For mild OSAS especially, limited evidence is available regarding the outcomes in children with mild OSAS who have not undergone ATE. A systematic review by Tan et al. showed that mild OSAS is relieved in approximately two-thirds of the children as they grow older [47]. In any case, children with tonsillar hypertrophy should be monitored closely for the early detection of worsening OSAS [48]. On the other hand, in a prospective cohort study, Li et al. reported that not only there was no spontaneous resolution of mild OSAS in untreated children, but also a worsening in 29% after two years of follow-up [48]. Moreover, another prospective trial demonstrated significant improvement in pediatric patients undergoing ATE for mild OSAS compared to the controls, regarding the quality of life, at a follow-up of 8 months [32]. An aggressive surgical approach is further encouraged by several studies that present neurocognitive deficits in children with only mild airway obstruction, including primary snoring [49, 50].

All in all, this study proved clinically the superiority of surgical intervention compared to a conservative watchful waiting strategy in terms of improvement of the AHI and OSA-18 score. Surprisingly enough, the improvement regarding the mean SpO2 score between the ATE and watchful waiting group was not found to be clinically higher in the former. However, this finding could be justified by the substantial heterogeneity that was detected.

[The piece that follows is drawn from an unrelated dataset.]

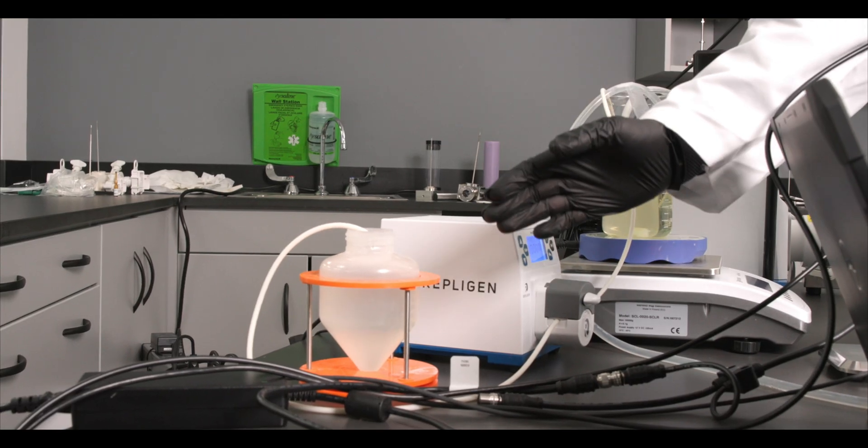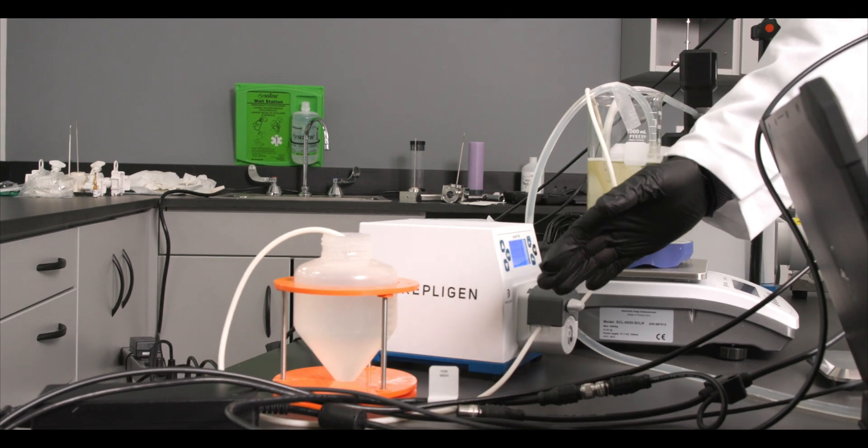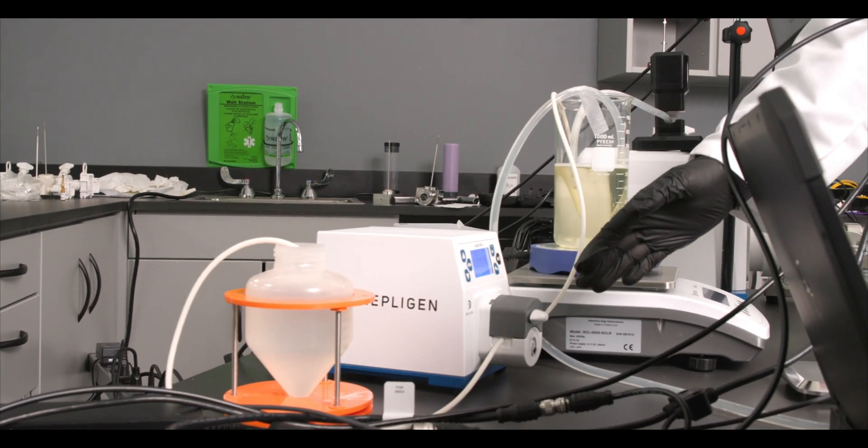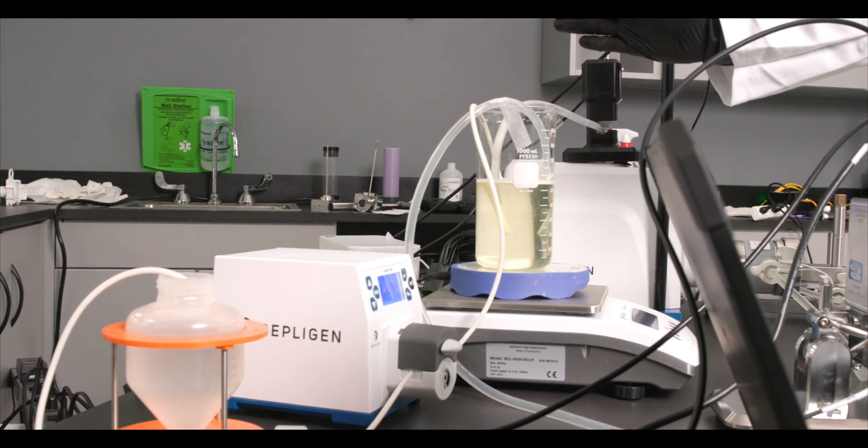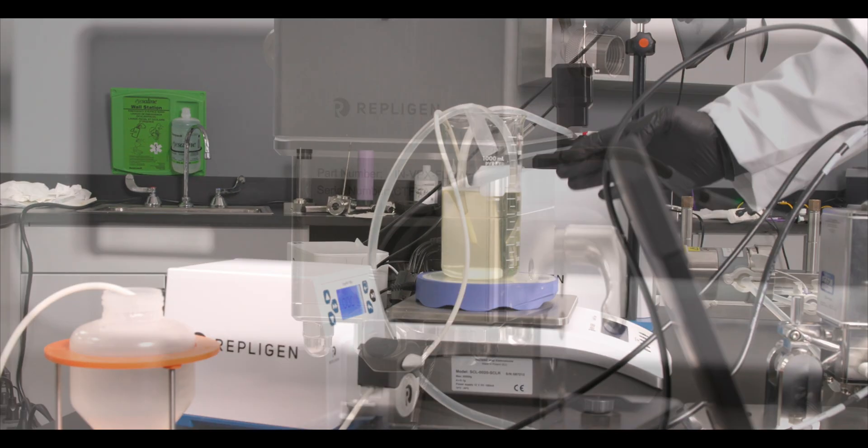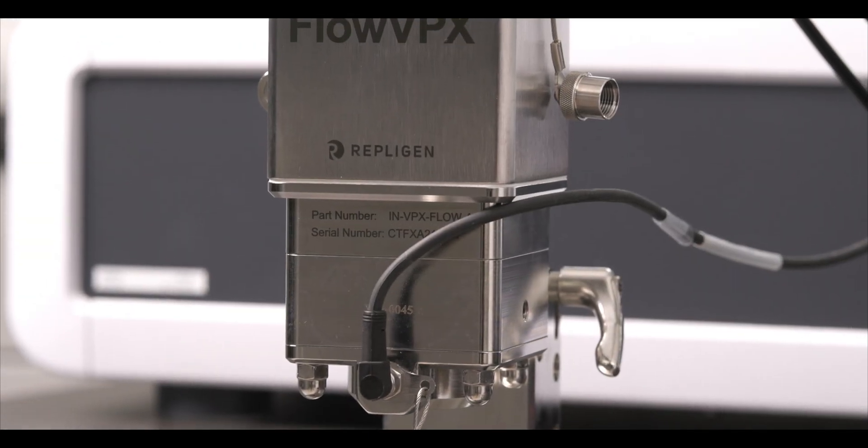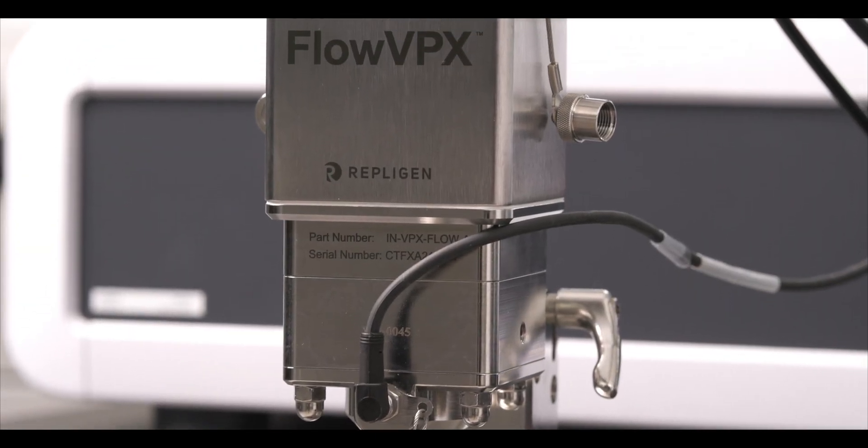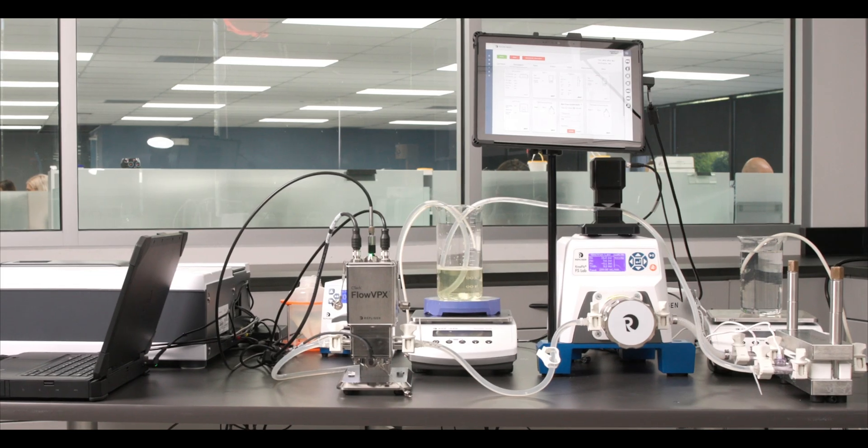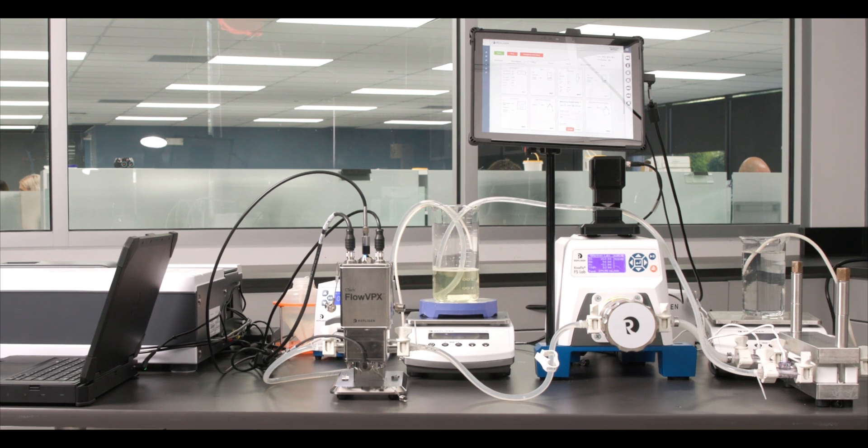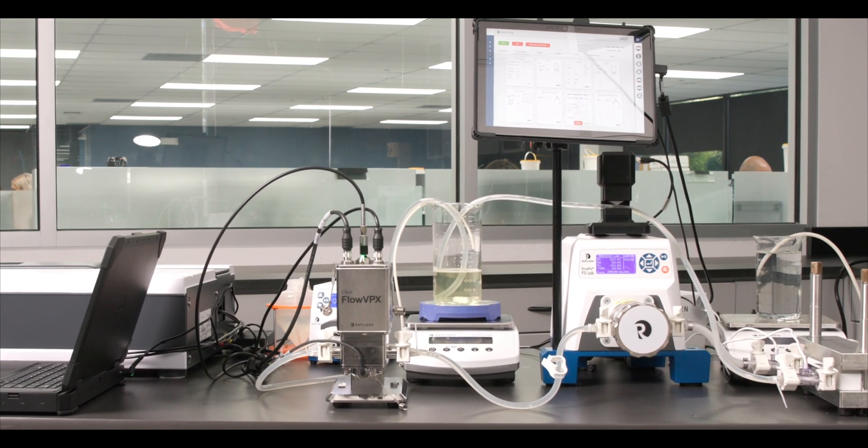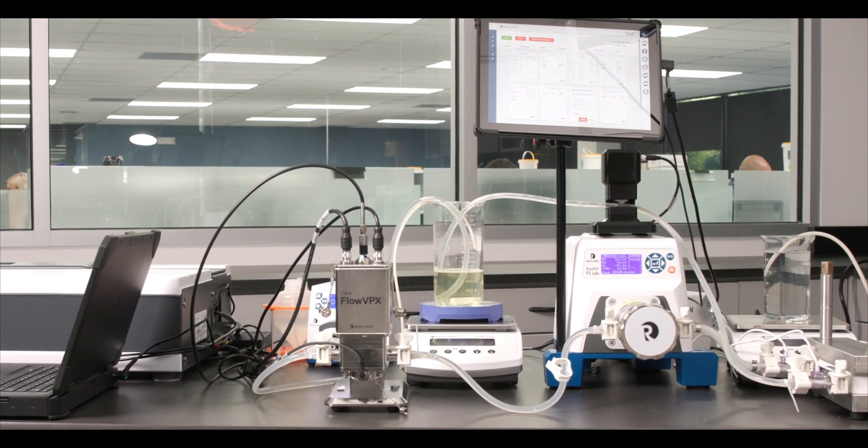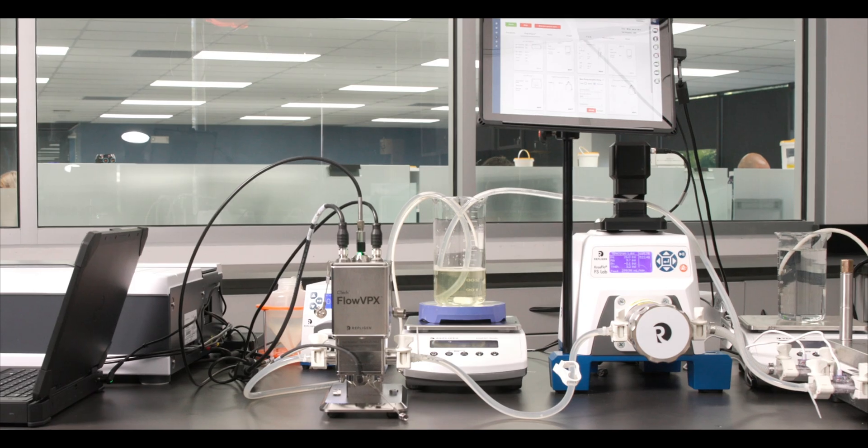Now that we have reached our desired concentration of 80 mg per ml we begin our diafiltration step. For users looking to automate their setup the FlowVPX system has open platform communication united architecture or OPC UA. Concentration thresholds can be used to trigger the next steps in your operation.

What children with mild and mild to moderate OSAS concerns, for which the therapeutic strategy is still arguable, the subgroup analysis indicated significant clinical improvement of OSAS in children subjected to ATE, as indicated through the improvement of the AHI. On the contrary, it was unexpected that the clinical difference between moderate and severe OSAS in children subjected to surgical treatment was not significant, but again moderate heterogeneity was present in this comparison.

Thus, this systematic review and meta-analysis support the notion that ATE could be justified in most of the patients without contraindications, compared to watchful waiting.

Limitations

We recognize that this study is not without limitations. First, the level of evidence we have provided was of moderate strength, due to the inclusion of non-randomized studies. Second, in the current meta-analysis we only considered three outcome measures, that is AHI index, OSA-18 score, and mean SpO2 levels, which reflects the fact that limited data were available for statistical pooling. To elaborate, investigating further parameters such as the Modified Epsworth Sleepiness Scale, Pediatric Sleep Questionnaire (PSQ), oxygen desaturation index (ODI), arousal counts, or Sleep-Related Breathing Disorder Scale (PSQ-SRBD) would have been of the essence for us to draw more robust conclusions on ATE clinical outcomes. Furthermore, the provision of neurocognitive measurements would have helped a great deal to determine the clinical relevance of the findings of this meta-analysis. Last but not least, synthesizing data from particular subgroups such as patients with Trisomy 21, craniofacial syndromes, obesity, and different ethnic backgrounds would have helped in delineating the extent of residual OSAS following ATE.

Conclusion

The current meta-analysis provides evidence of moderate strength which supports surgical treatment over watchful waiting for the management of pediatric OSAS. Further RCTs are required to strengthen the results of this study.